Acresce que as ilhas Pescadores (Penghu) constituem no Sudeste, com as
suas 64 ilhotas, um posto avançado frente ao Continente; e graças
à “superlinha Maginot” das ilhas Quemoy e Matsu, onde estão
concentrados mais de 150 000 soldados, Taiwan controla o Estreito. Portanto,
militarmente, a tarefa de submeter Taiwan pela força seria muito
complexa para Pequim. Até porque, previsivelmente, os EUA não
abandonariam os “seus protegidos” taiwaneses. Politicamente seria inaceitável,
tanto em relação a Washington, como também em relação
aos seus vizinhos asiáticos. O que poderia levar, pelo menos, a
um novo isolamento regional e internacional da China. Economicamente, os
efeitos seriam certamente devastadores, quer sobre a economia da China
(e de Taiwan, naturalmente) quer para a própria economia asiática
e mundial que viriam assim confirmados os seus receios, já expressos,
quanto às ambições agressivas e expansionistas da
China..
A integração
pacífica, amigável, negociada entre os regimes actuais? O
estatuto de “província autónoma” ou de “região administrativa
especial”, com a sua especificidade política, económica,
social e judicial, tem sido periodicamente proposto por Pequim, no âmbito
da política “um país, dois sistemas” que permitiu a integração
de Hong Kong e Macau. Contudo, este estatuto não pode ser aceite
por Taiwan, que deve a sua existência e situação actual
exactamente por não ter querido submeter-se ao regime político
comunista do Continente. Num quadro deste tipo não pode haver grandes
evoluções rumo à reunificação, uma vez
que nem sequer se iniciaram negociações efectivas com esse
objectivo. Situação que não deve evoluir, a menos
que hajam grandes alterações internas, ou um movimento de
subversão bem sucedido numa das duas partes.

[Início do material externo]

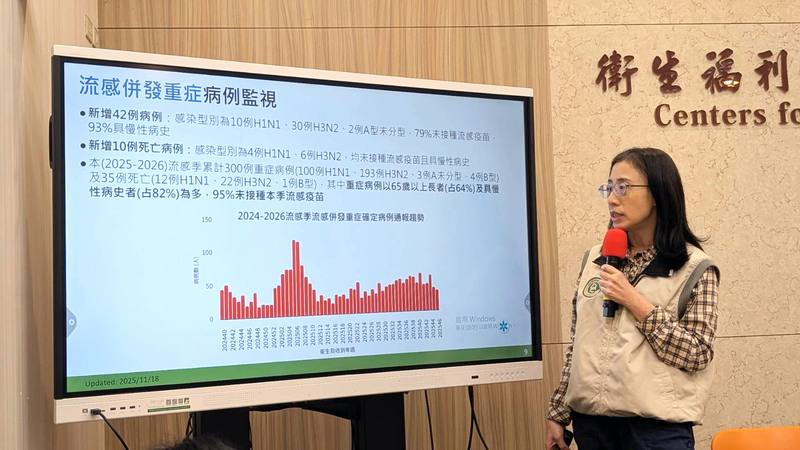 衛生福利部疾病管制署疫情中心副主任李佳琳（圖）18日表示，今年10月起本流感季累計300例重症病例及35例死亡，其中重症病例以65歲以上長者及具慢性病史者為多，95%未接種本季流感疫苗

Resta ainda a coexistência das “duas Chinas”, a justaposição de duas legitimidades (à maneira alemã ou coreana). É esta a perspectiva das autoridades de Taipé e de numerosos chineses no exterior; porém, Pequim mantém-se absolutamente intransigente quanto à sua representatividade exclusiva.
Dos vários
cenários sempre possíveis, o mais provável é
mesmo o status quo. Portanto, Taiwan deverá continuar a ser uma
espécie de “país fantasma”: existindo de facto, tentando
obter o reconhecimento da sua existência e da sua individualidade,
mas sem estar oficialmente integrado na comunidade das nações.